Below is the verbatim transcript of Vivek Rajpal's interview to Latha Venkatesh, Sonia Shenoy & Anuj Singhal on CNBC-TV18.
Latha: If there is a cut, what will the bond markets do and if there isn't one how will it behave?
A: If we get rate cut probably bond yields will rally only 5-10 bps. I struggle to believe that even with a rate cut, 10-year bond will go much lower, 6.35 kind of level. The point is that it is well accepted now that we are towards the end of easing cycle and towards the end of easing cycle the impact of rate cut on the longer end of the curve is quite low. We expect 25 bps rate cut - that said I do not expect a meaningful rally in the longer end of the curve, so we will not be able to go much below 6.35 zones.
Sonia: What about the tone of the Reserve Bank of India (RBI) Governor. The house is divided on that but what would you be expecting, any hawkish commentary?
A: I do not think it is easy for a central bank governor to get hawkish at this point of time. The only thing is even after a rate cut, we expect that the next rate cut will be tied to 4 percent inflation target for FY18 and that will be the only thing and that said I do not think it is very easy for a central bank governor to communicate that there will be no more rate cuts and there is no need to be hawkish at this point of time.
Latha: Any specific statement that you will be watching out for, if the tone was exactly as it was in the December 21 minutes that we got. How would the market react, anything specific that you want to alert us to that we should watch out for?

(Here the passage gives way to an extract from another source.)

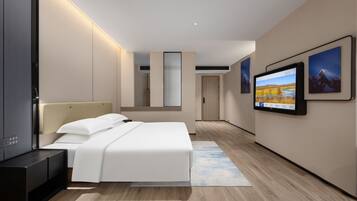 Luxury Double Room | Desk, laptop workspace, blackout drapes, soundproofing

A: One thing is clear that they have been mentioning upside risk to inflation for FY17 end 5 percent. I think that will go away -- that was a surprise to the market last time and we have to see how much they tie their future decisions to the FY18 end inflation target on the local front - that one.The second thing that I am keenly watching is how their real rate framework will evolve - that may not come very explicitly in the Monetary Policy Committee (MPC) statement but in the post policy conference call - that is something very important to understand because when they mentioned last time that real rate may have come down, it was really a post Brexit vote and pre US election kind of an environment.I personally believe that after US elections, the need to keep real rates high and the focus on macro stability for all the emerging markets including India has increased, which effectively means that the case for end of easing cycle is even more strong along with the fact that the financial conditions in India are quite easy because of the quantity of money and at this point of time when liquidity in the banking system is ample, there is not much need in terms of focusing too much on the price of money. So those are the two things. How do they focus on liquidity, how much they focus on macro stability - are few things to watch out for.